Sure, you can set the single wall charger for whatever size circuit you would install for a power sharing arrangement. Now a 14-50 can't be on a breaker larger than 50a. If your only consideration is future-proofing, I'd be inclined to run a maximum sized circuit to a small subpanel or load center, then run my single wall connector and/or 14-50 off of that. When you add more wall connectors later, you do it, by adding their circuit to the subpanel, and configuring them to share the circuit feed to the subpanel.
Example 1. You run a 100a circuit to the subpanel. From the subpanel, run wire for a 100a circuit to your wall connector, use a 100a breaker and set the WC for 80a charging. When you add WC#2, run another 100a circuit and breaker from the subpanel, connect the two WCs with a data wire, and configure them to load share the 100a.
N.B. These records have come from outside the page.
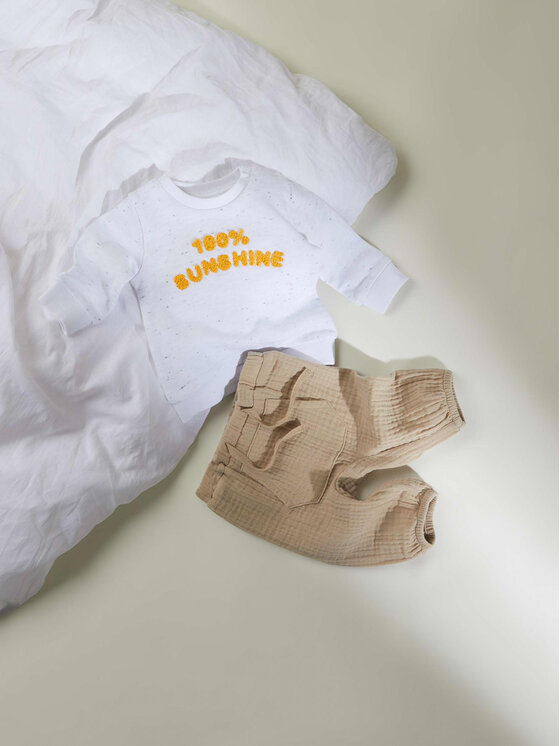 NAME IT NAME IT Medžiaginės kelnės 13216654 Smėlio Regular Fit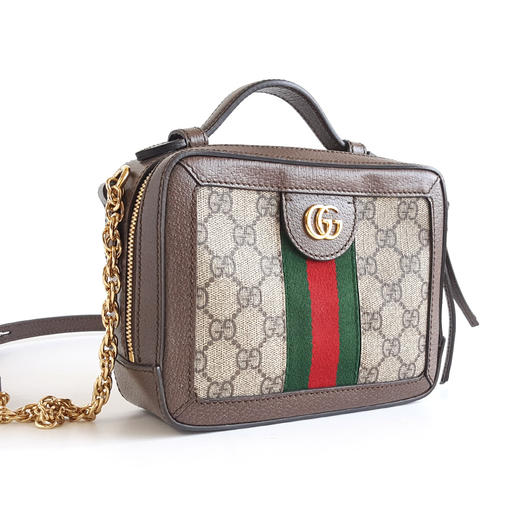 【95新】Gucci古驰Ophidia系列602576老花Ophidia相机包盒子包单肩斜挎包女士现售价：4700！260525NJM05 商品图2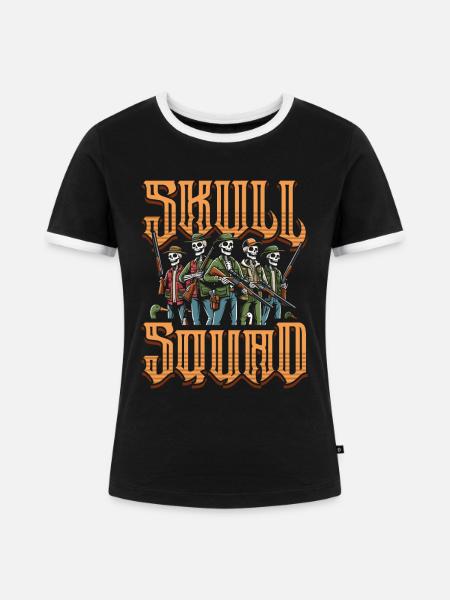 Ente Jagd Entenjagd - Frauen Kontrast-T-Shirt - Schwarz/Weiß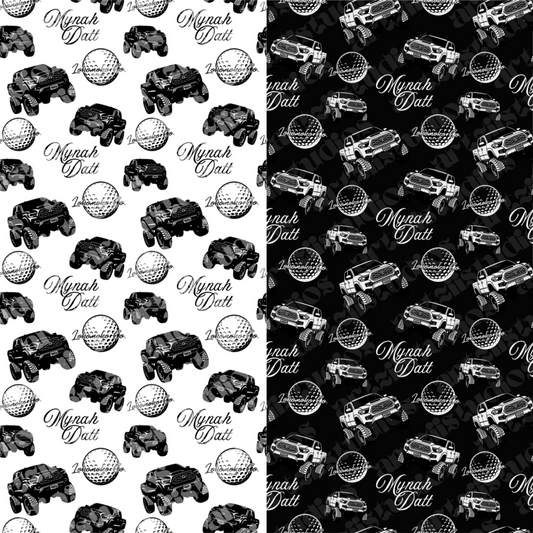 Mini Truck Repeat Surface Pattern. LokomokoCo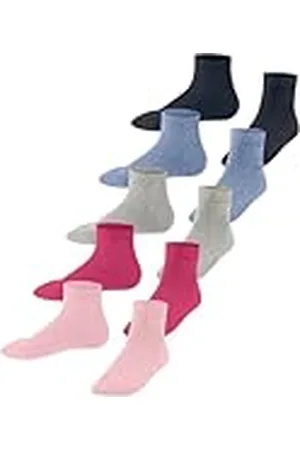ESPRIT Uniseks-kind Korte sokken Solid Mix Multipack K Sn katoen kort eenkleurig 5 paar, , 31-34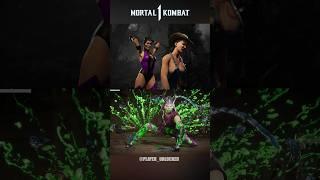 MK1 vs MK11 Mileena Fatality Comparison 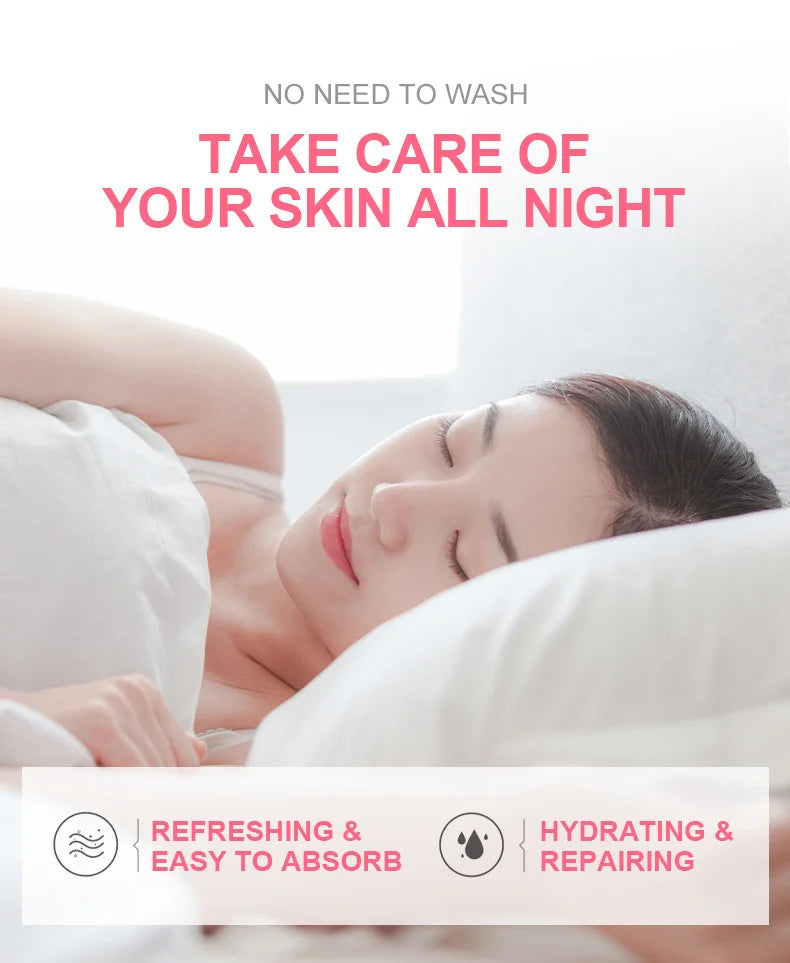 LAIKOU Sakura Sleeping Face Mask 7pz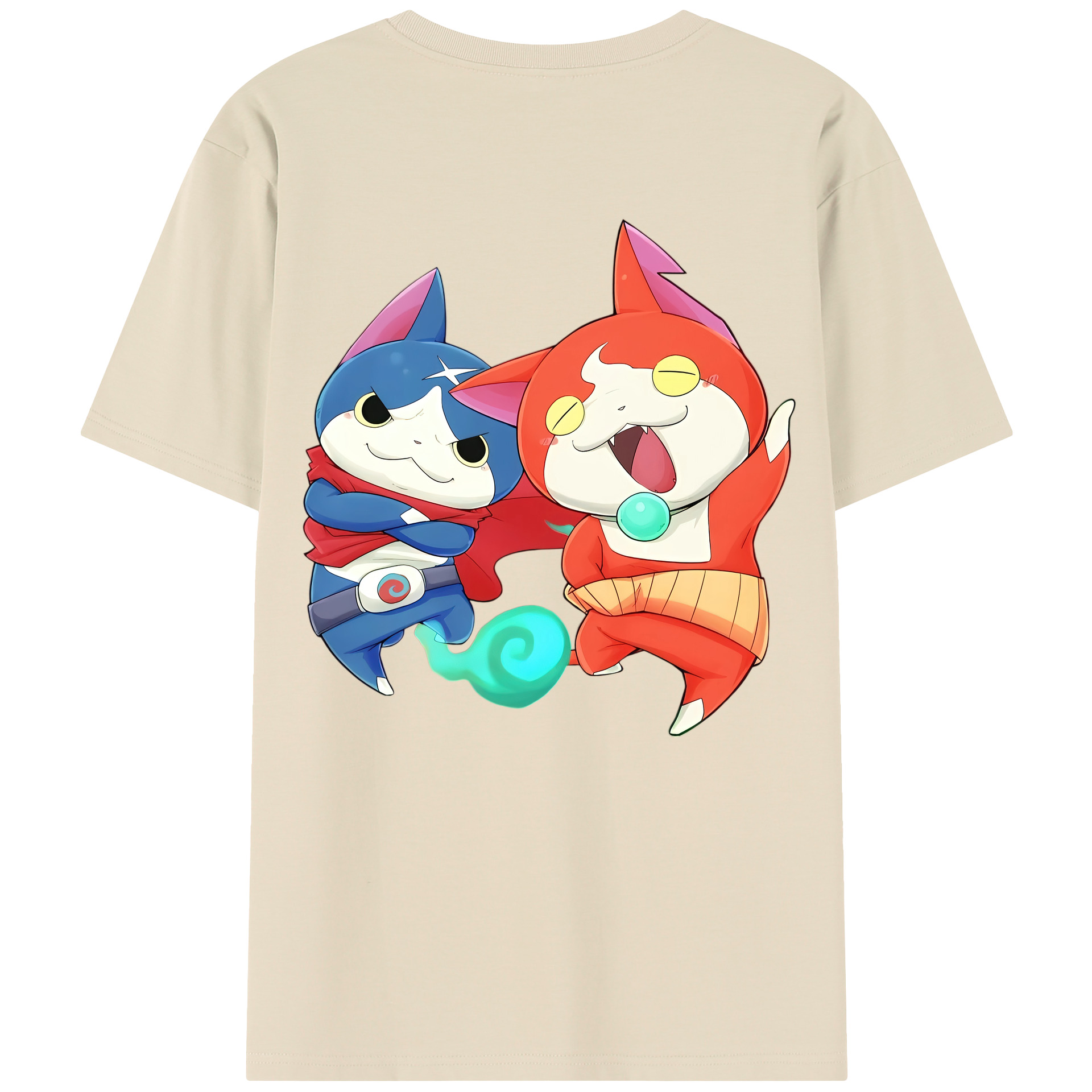 （画像用） 妖怪ウォッチ Yo-kai Watch 綿100％半袖Tシャツ（背面プリント）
Example 2. Same 100a circuit to the subpanel. Run wire for a 100a circuit to the WC, but use a 60a breaker and configure the WC for 48a charging. Run a 50a circuit with 50a breaker from the subpanel to a 14-50 to use as a second or backup charging circuit. This should be OK since the max load is 48a from the WC and 32a from the UMC, which fits in the total 80a load available in the 100a feeder circuit. If the inspector doesn't like it, you can use a 40a breaker on the 14-50 and not lose any actual charging capacity. When WC#2 comes along, remove the 14-50 circuit breaker, up the breaker for WC#1 to 100a, run another 100a circuit from the subpanel for WC#2, connect the two with a data wire, and configure them to load share the 100a.
If 100a is too much and you want to use an 80a feeder instead, Example 1 stays the same except you use 80a wire and breakers.